1 cup Diamond Crystal kosher salt = 3/4 cup Morton kosher salt = 1/2 cup table salt (non-iodized preferred). Also, a cup of Diamond Crystal weighs 5 ounces, so if your recipe calls for 1 cup of DC kosher salt, you can safely substitute 5 oz. of any other salt.

Mark Goldstein
05-18-2005, 11:53 AM
According to Cooking.Com, here's the definition:

Kosher salt is a coarse salt that contains no additives. It dissolves quickly and is preferred by many professional chefs for its texture and flavor. It is also known as pickling, rock or coarse salt.

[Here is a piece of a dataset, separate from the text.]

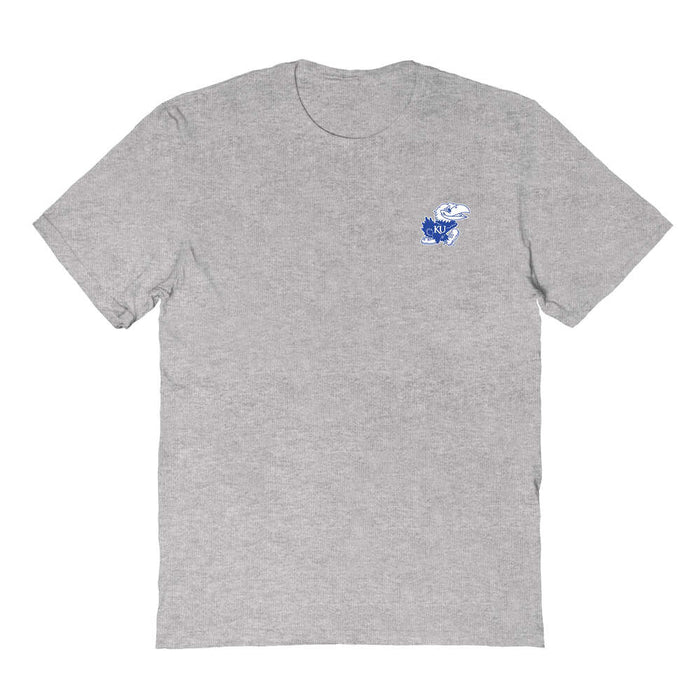 Kansas Jayhawks Vive La Fete Impressions Artwork Grey Womens Cotton Tshirt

So, it sounds like you can pretty much get away with just about any coarse salt.

andrew_l
05-18-2005, 10:27 PM
Thanks, Doug and mark.

Seems as though there are several difeerences in terminology, but the same ingredients DO exist! I'll go with Maldon Sea salt - light, flaky, pure and excellent flavour. Also - I've seen where they make it, so it feels nice to support a small local industry!

Andrew

K Kruger
05-19-2005, 01:48 AM
I love Maldon.

You can use Maldon in the ratio Doug quotes above for Diamond Crystal, it is nearly the same weight-wise.

Morgan Sziraki
05-23-2005, 07:29 AM
andrew
I have the same problem, can't find it over here, maybe Golder's Green, just never get up there.

05-26-2005, 03:50 PM
sea salt is a good replacement for kosher salt.

Jane Cherry
05-29-2005, 02:20 PM
Maldon is definitely the Rolls Royce of salts. It's $11 a pound.